(Exercise objective):
Return each line of the data below verbatim; pictures are to be left out.

(Exercise material):

========

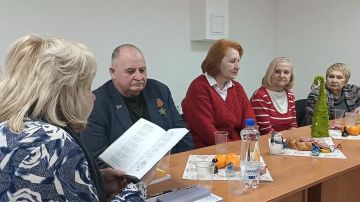 Рождественские чтения Лито «Горизонт»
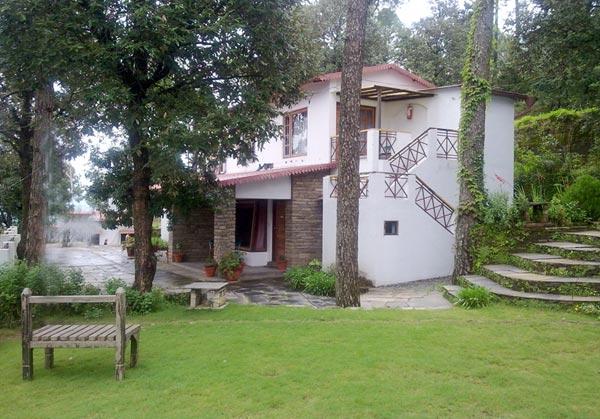 Kasaar Jungle Resort - Almora Image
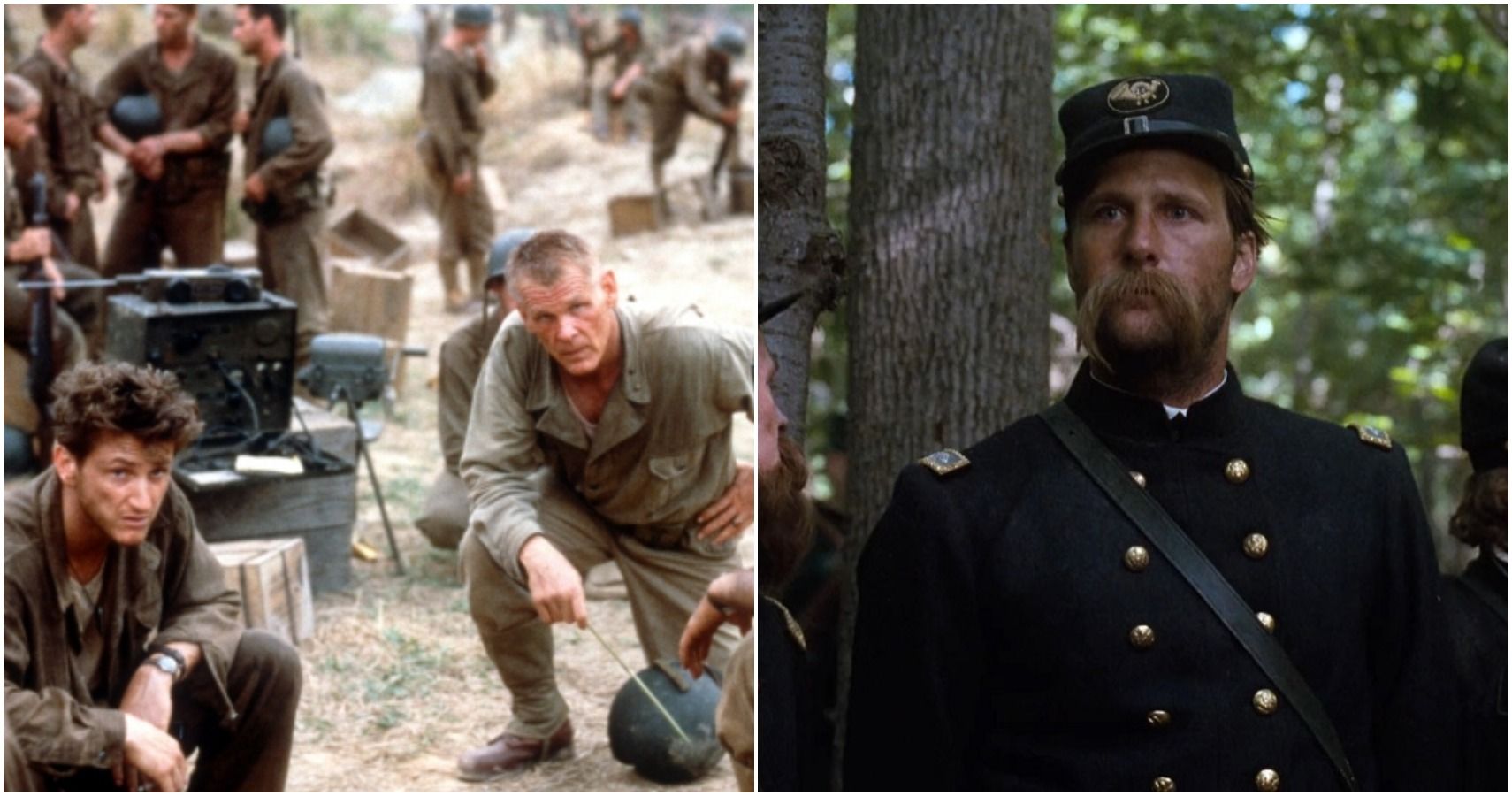 5 War Films From The 90s That Are Way Underrated 5 That Are Overrated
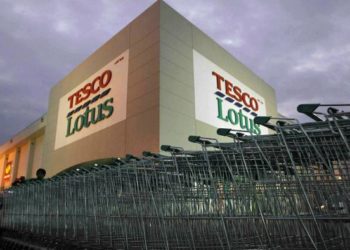 Tesco obtient le feu vert pour la vente de ses supermarchés en Thaïlande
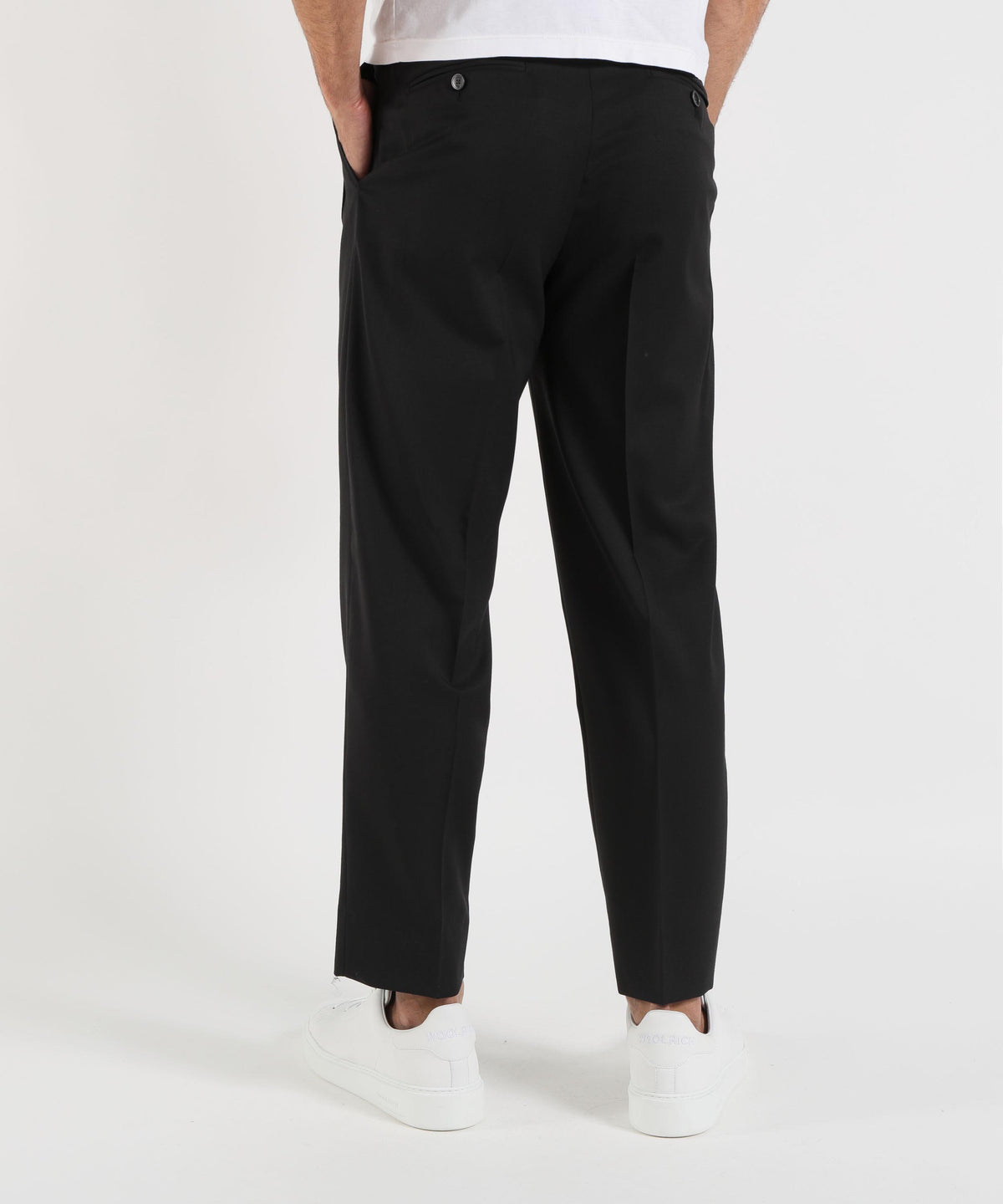 Trousers BRIGLIA Nero | BRIGLIA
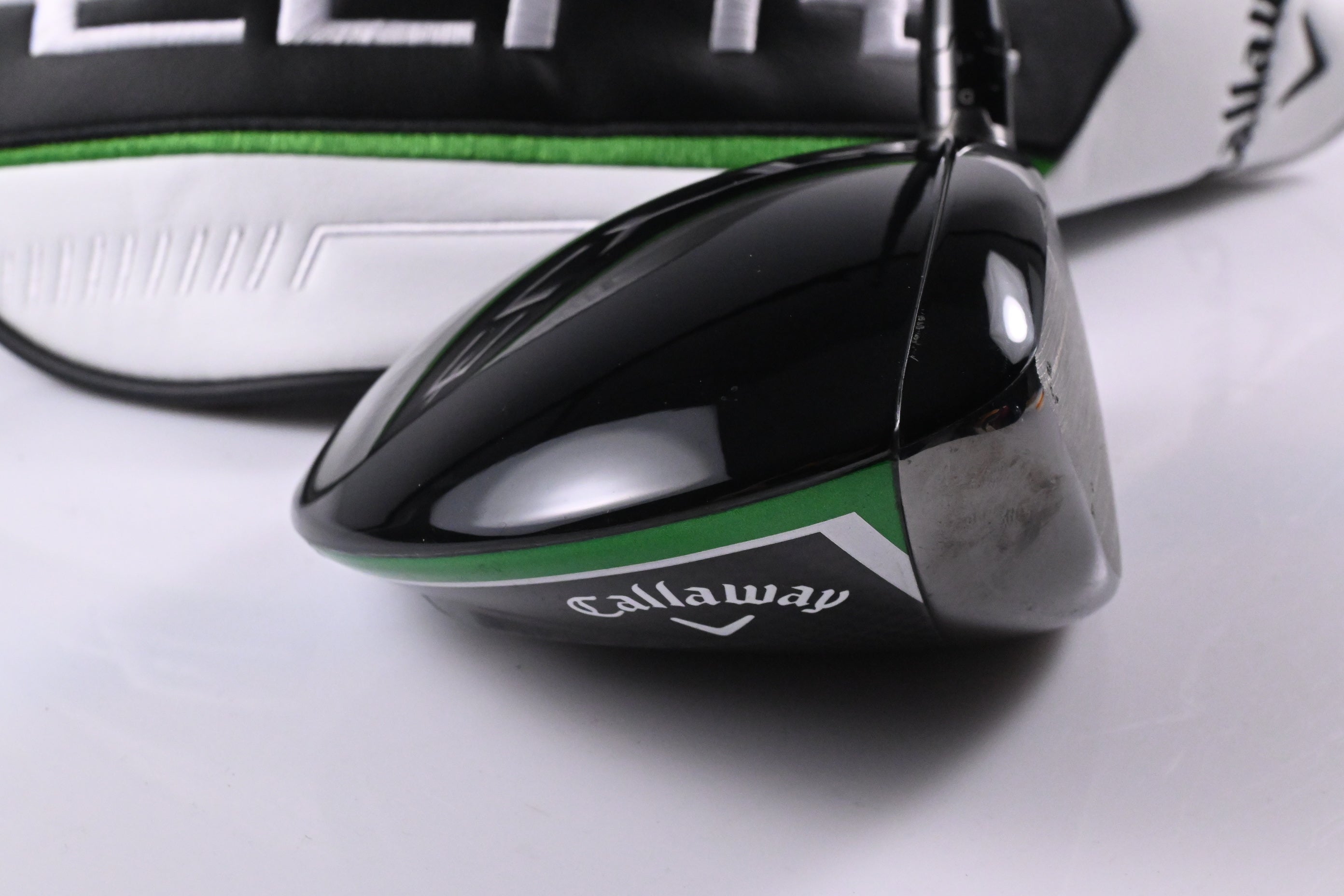 Callaway Elyte Triple Diamond Driver / 10.5 Degree / Stiff Flex Tensei 1K Black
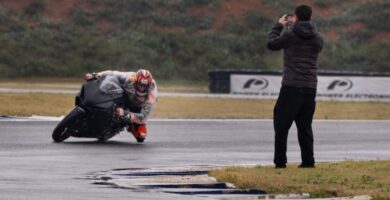 Jorge Lorenzo MotoGP Vi&ntilde;ales KTM Sepang test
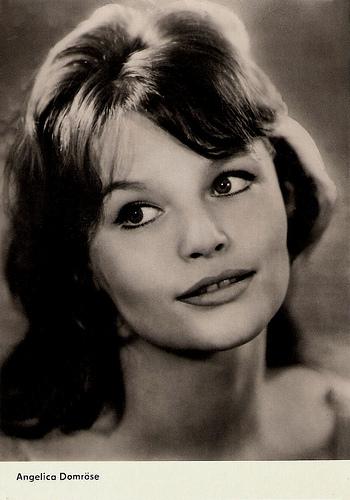 Angelica Domröse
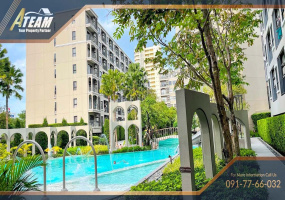 Hua Hin Center , 1 Bedroom, 1 Bathroom, Apartment / Condo, For Rent, ,1506, A-Team Real estate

========

(Reply):
 Рождественские чтения Лито «Горизонт»
 Kasaar Jungle Resort - Almora Image
 5 War Films From The 90s That Are Way Underrated 5 That Are Overrated
 Tesco obtient le feu vert pour la vente de ses supermarchés en Thaïlande
 Trousers BRIGLIA Nero | BRIGLIA
 Callaway Elyte Triple Diamond Driver / 10.5 Degree / Stiff Flex Tensei 1K Black
 Jorge Lorenzo MotoGP Vi&ntilde;ales KTM Sepang test
 Angelica Domröse
 Hua Hin Center , 1 Bedroom, 1 Bathroom, Apartment / Condo, For Rent, ,1506, A-Team Real estate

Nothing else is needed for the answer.